AM: What role does Los Angeles play in your work?
HR: Pretty Ugly Gallery actually started in Chicago, and I’ll never forget that first brown dumpster I shot downtown. While Chicago may have been the genesis for Pretty Ugly Gallery, Los Angeles has been my muse. The photographs have really evolved during my time in LA. There’s an artistic energy here like nowhere else that I think has fueled the evolution of Pretty Ugly Gallery.



There’s nothing like being able to express yourself uninhibited and with complete autonomy. It’s a beautiful thing. Kind of like a dumpster in the right light.



AM: It’s stunning how the pieces look as if they’re abstract paintings. Can you share a bit of your process and creating each piece?
HR: Thank you. It’s surprising how many people comment on how much they love the 'paintings,' which is such a great compliment. But they are indeed photos. I can tell you that my process isn’t nearly as interesting as the ugly subjects themselves. I like say the dumpster does most of the work.

AM: Can you tell us about the organizations/charities you're associated with?
HR: Pretty Ugly Gallery’s mission is to find the beauty in all things, so we felt that we should partner with organizations that help find the good where it’s not always so easy to do. We recently partnered with Anthropos Arts in Austin, TX, which provides musical instruments and education to underserved young people. Pretty Ugly Gallery artwork is also currently being incorporated into a documentary about street homelessness in America. The documentary is called Invisible to You, and it sheds light on this serious social issue, as well as the people who are working hard to help remedy it.

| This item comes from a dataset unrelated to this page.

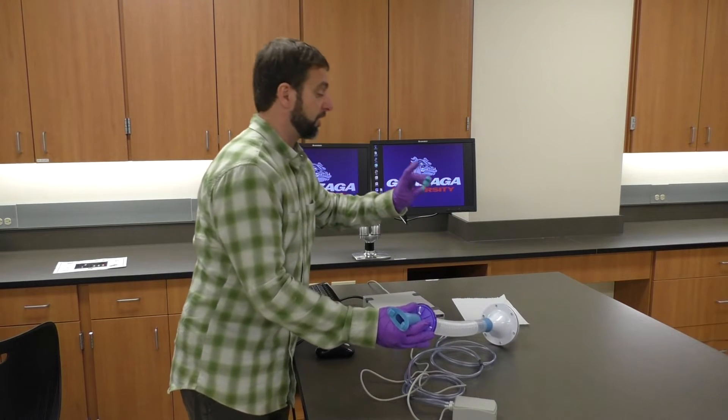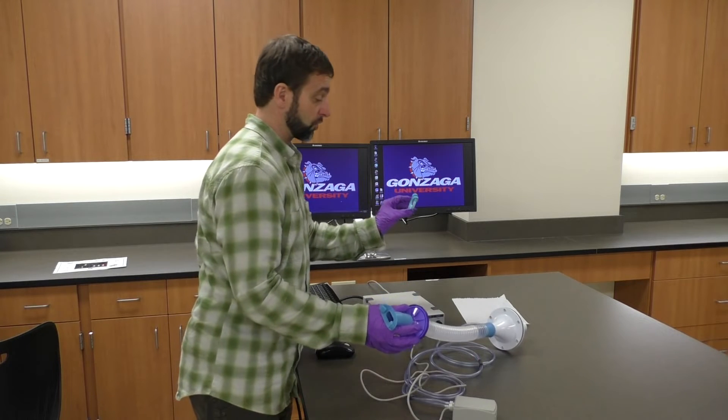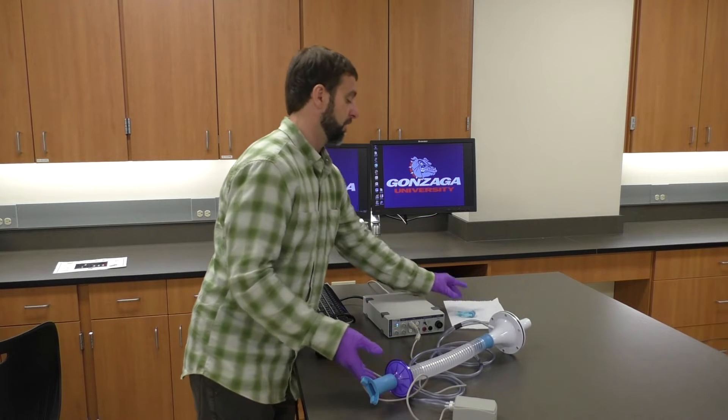The last piece we need is the nose clips. If you're doing this breathing exercise without the nose clips on, it's not going to work correctly, so you do have to wear the nose clips.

AM: What music are you currently jamming to?
HR: I’m into a big Eminem phase right now. After watching HBO’S Defiant Ones, I’ve been listening to the Recovery album a lot. The way he manipulates and plays with language is an incredible gift.

AM: What can we expect to see from you next?
HR: The plan is to get Pretty Ugly Gallery pieces exhibiting in more galleries. I also have this vision of visiting other cities and photographing their “ugly” objects, and then creating a collection of Pretty Ugly pieces from those shoots with proceeds going back to that city. In my mind, I see special editions and photo books dedicated to PUG HOUSTON and PUG SAN JUAN, for example.